The principle problem with Moore's explanation is that there is no direct documented evidence to support it. More speculatively, people translating the works would not care about phonetics, but the meaning of the words. So whether they had a "sh" or not one would think would be irrelevant. Despite the lack of direct evidence and flaws in the argument, it nonetheless remains a very popular origin theory, even among many academics. (Do a quick Google search and you'll find many a PhD in mathematics parroting this theory.)
The 1909-1916 edition of Webster's Dictionary, among others, also puts forth a similar theory, although stating that the Arabic word for the singular "thing," "shei," was translated into the Greek "xei," and later shortened to x. Dr. Ali Khounsary also notes that the Greek word for unknown, xenos, also begins with x, and the convention could simply have been born of an abbreviation. But here, again, we have a lack of any direct documented evidence to support these theories.
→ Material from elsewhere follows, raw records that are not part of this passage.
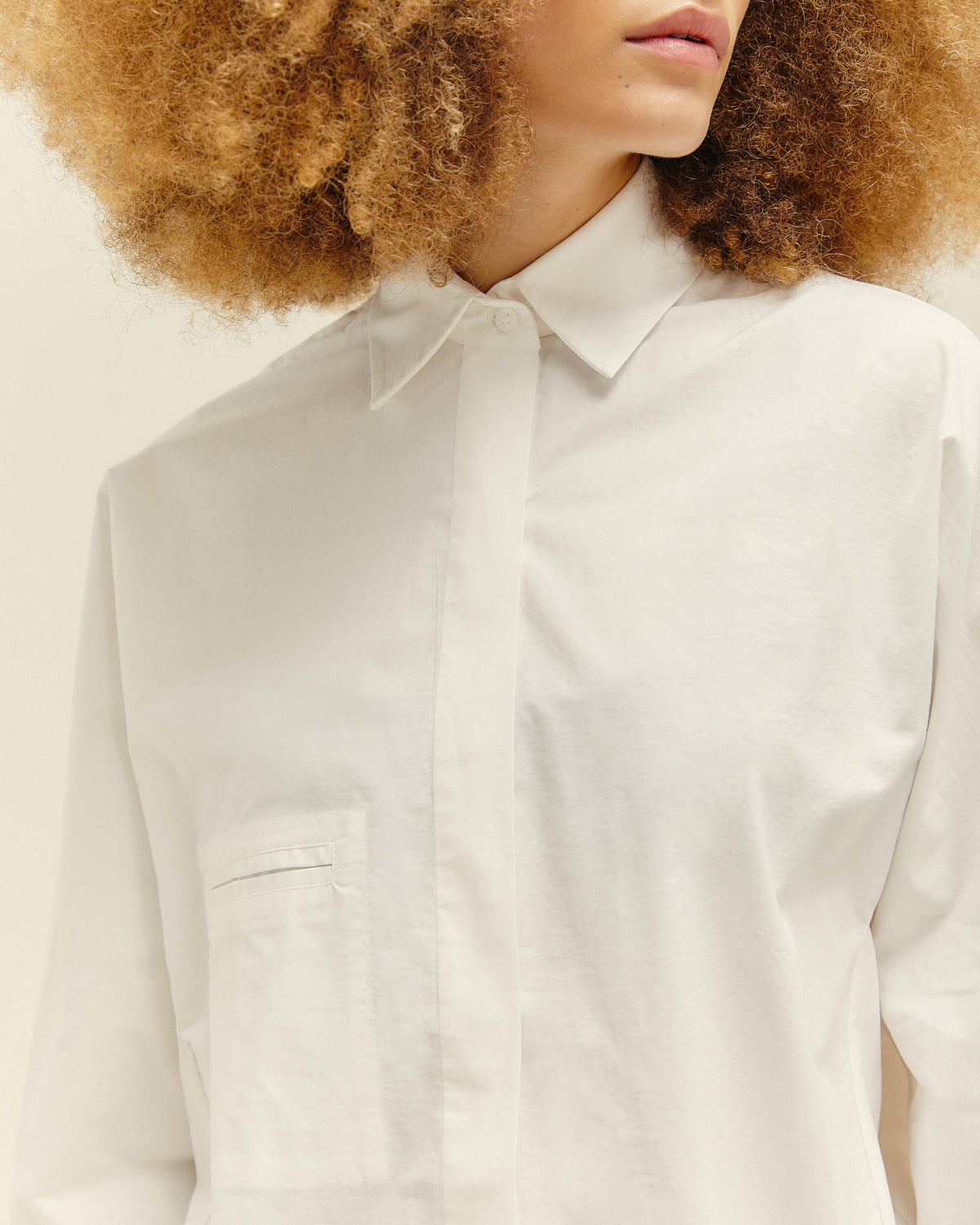 CAMISETA DE TALLAS GRANDES EN COLOR BLANCO ROTO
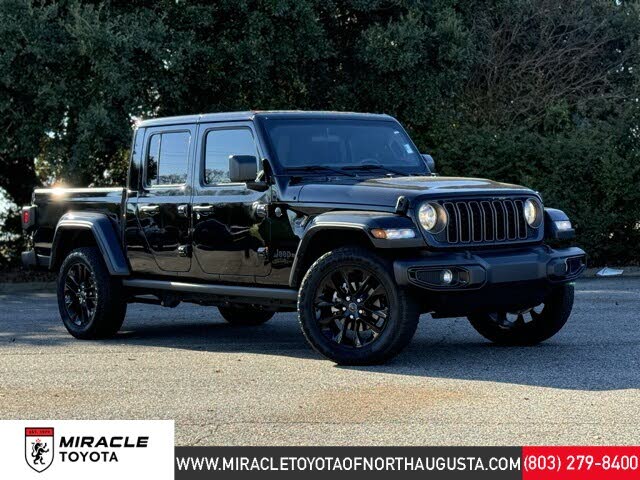 2025 Jeep Gladiator NightHawk Crew Cab 4WD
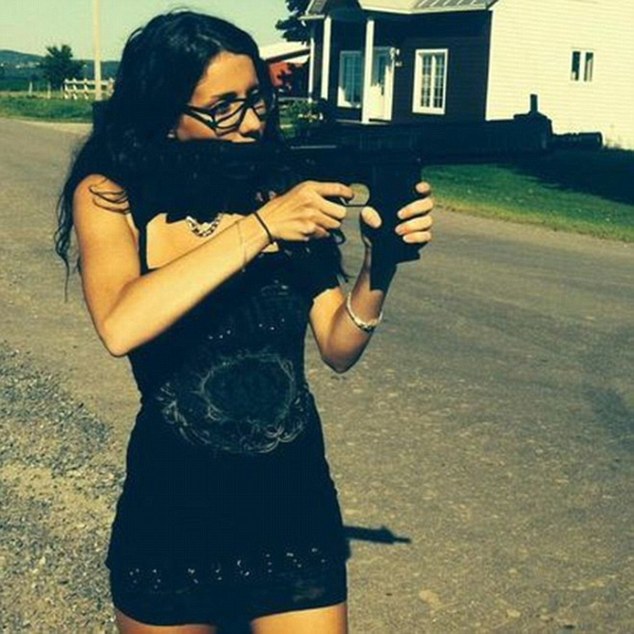 Nữ đạo chích gợi cảm nhất thế giới ra tòa với số tội danh kỷ lục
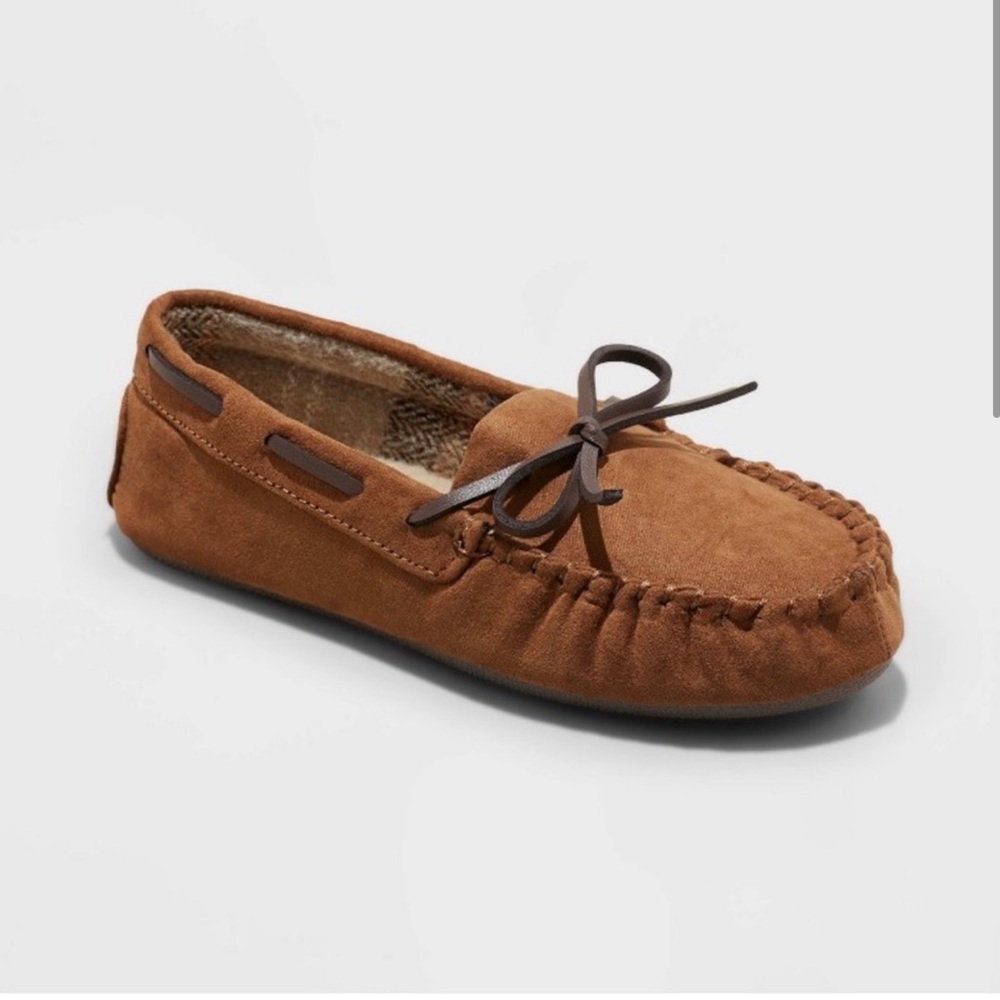 Boy’s Lionel moccasin slippers NWT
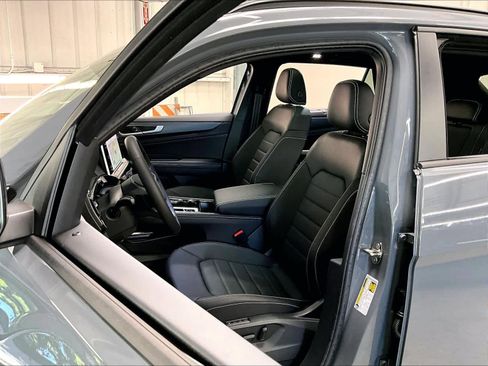 New 2026 Volkswagen Atlas Cross Sport SEL R-Line AWD/4WD image 11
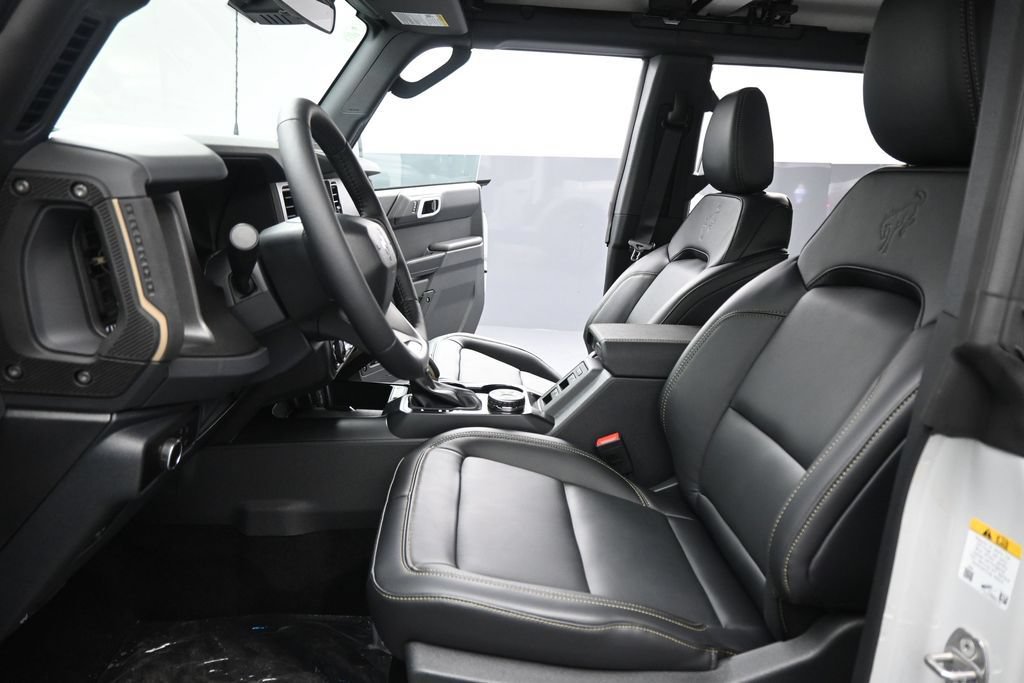 New 2026 Ford Bronco Badlands AWD/4WD image 9
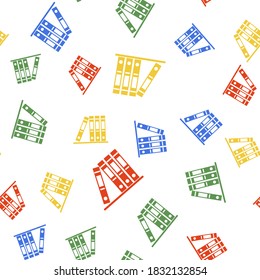 Colorear carpetas de Office con iconos de documentos y papeles aislados en un patrón sin fisuras en el fondo blanco. Firma de carpeta de archivos. Vector.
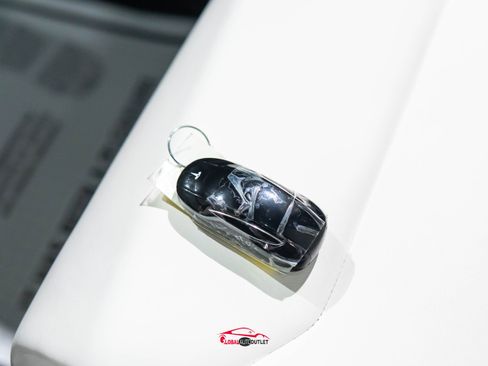 Used 2019 Tesla Model X 100D image 47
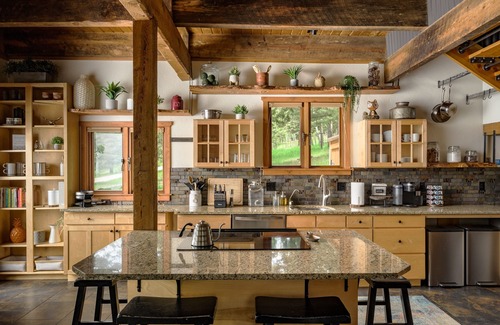 Evergreen Cabina | The Evergreen Castle - Sauna, Trails, Lake, Nature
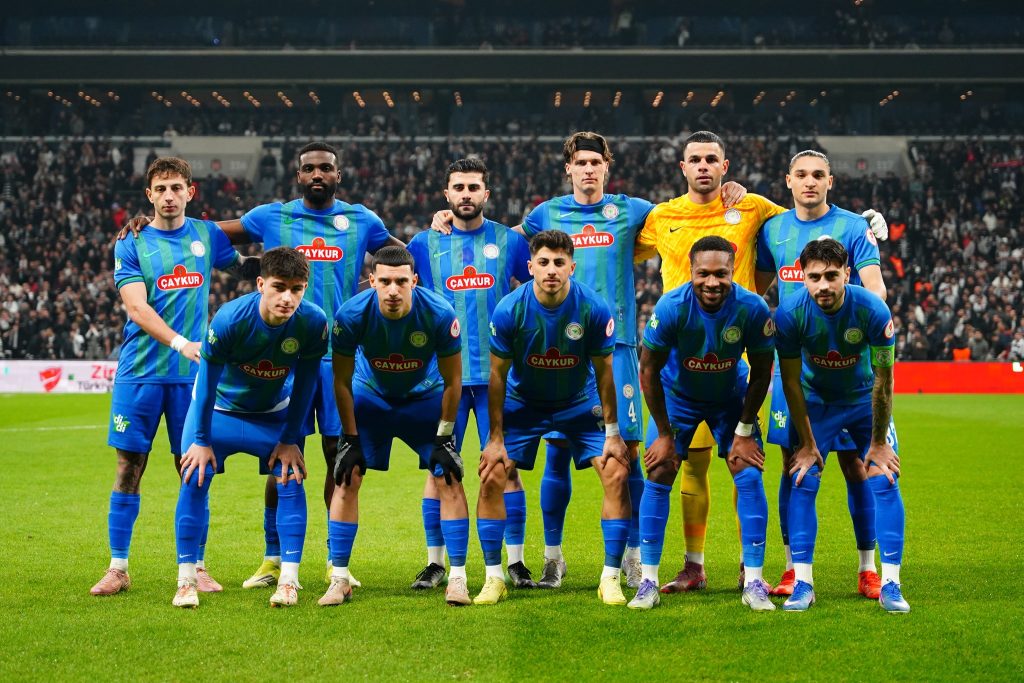 Beşiktaş Çeyrek Finalde! Kartal, Rizespor’u 4 Golle Geçti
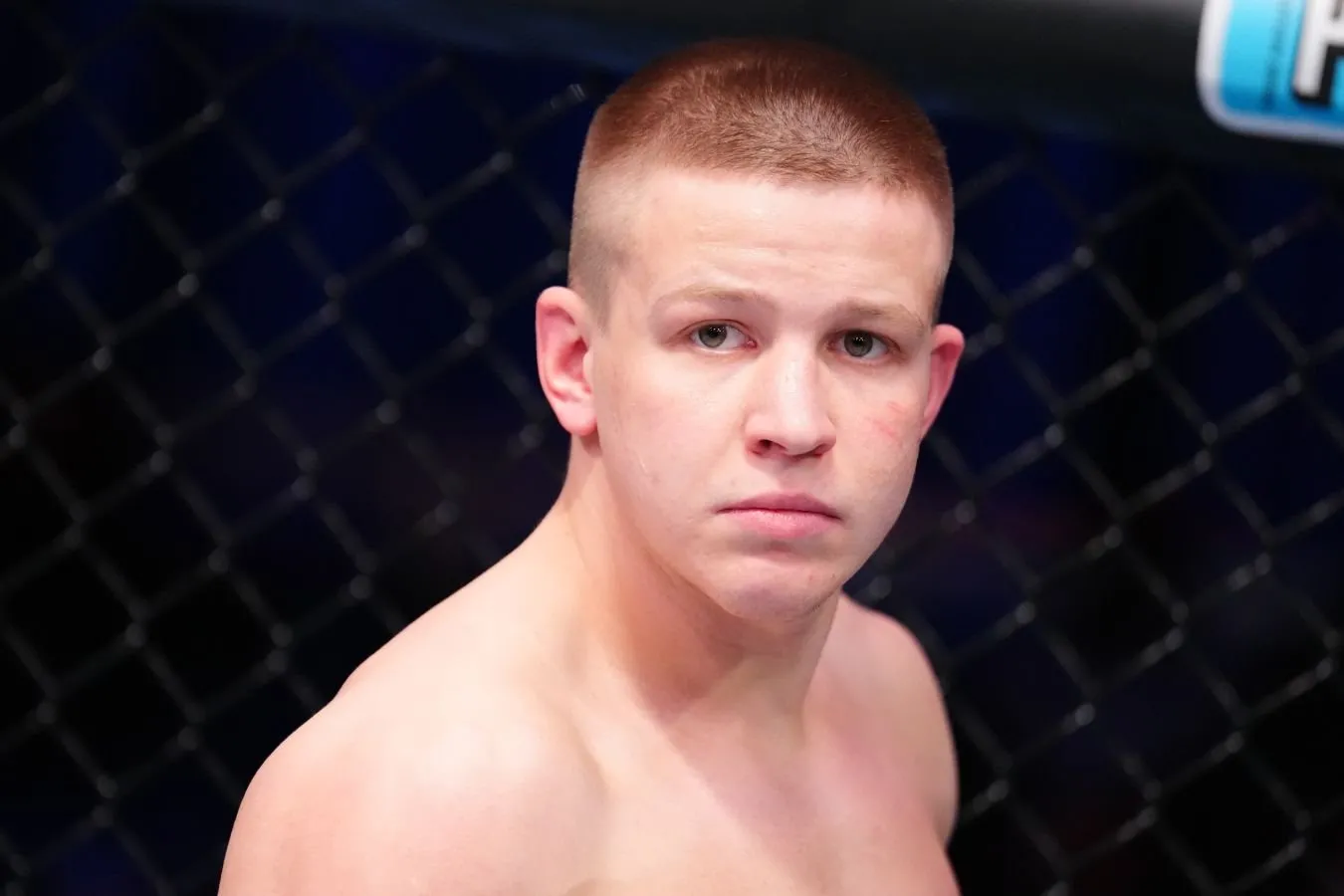 Rossiyalik Mark Vologdin UFCdagi ikkinchi jangidan oldin o'z vaznidan muvaffaqiyatli o'tdi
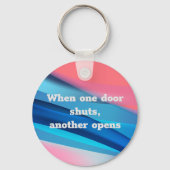 あるドアが別のドアを閉じると、引用文キーチェーンが開く キーホルダー (正面)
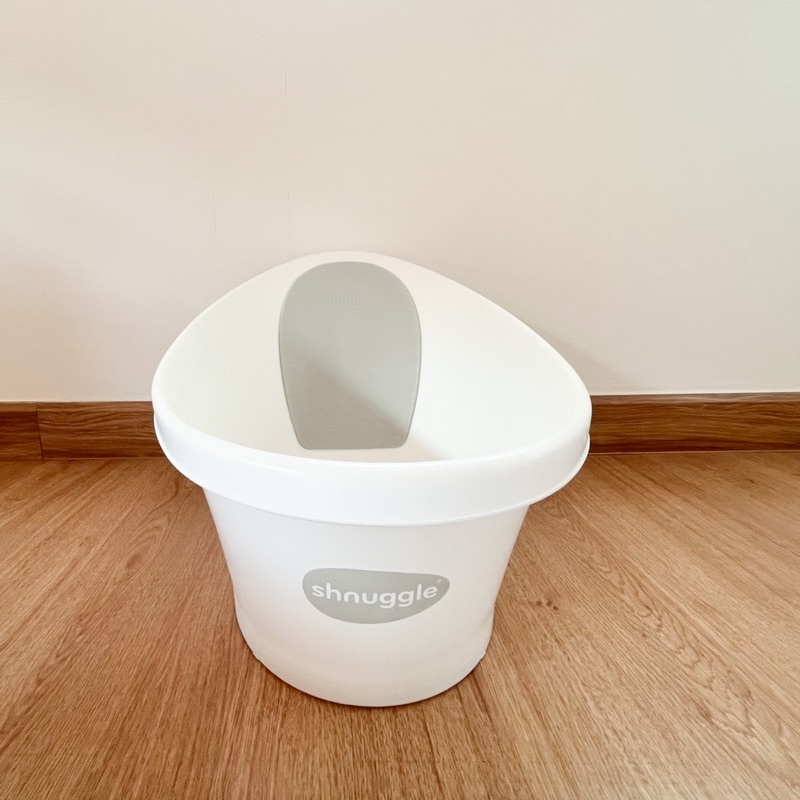 (ใหม่มาก) Shnuggle Baby Bath อ่างอาบน้ำเด็ก ชนักเกิล 0-12m+ อาบง่าย ไม่เจ็บข้อมือ สำหรับคุณพ่อ คุณแม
As for a documented theory, we turn to the great philosopher and mathematician, René Descartes (1596-1650). It's entirely possible Descartes did not come up with the practice of using "x" for an unknown, perhaps borrowing it from someone else, but at least as far as documented evidence that has survived to today goes, he seems to be the creator of the practice, as noted by the OED and the phenomenal work by Florian Cajori, A History of Mathematical Notations (1929). At the least, Descartes’ helped popularize the practice.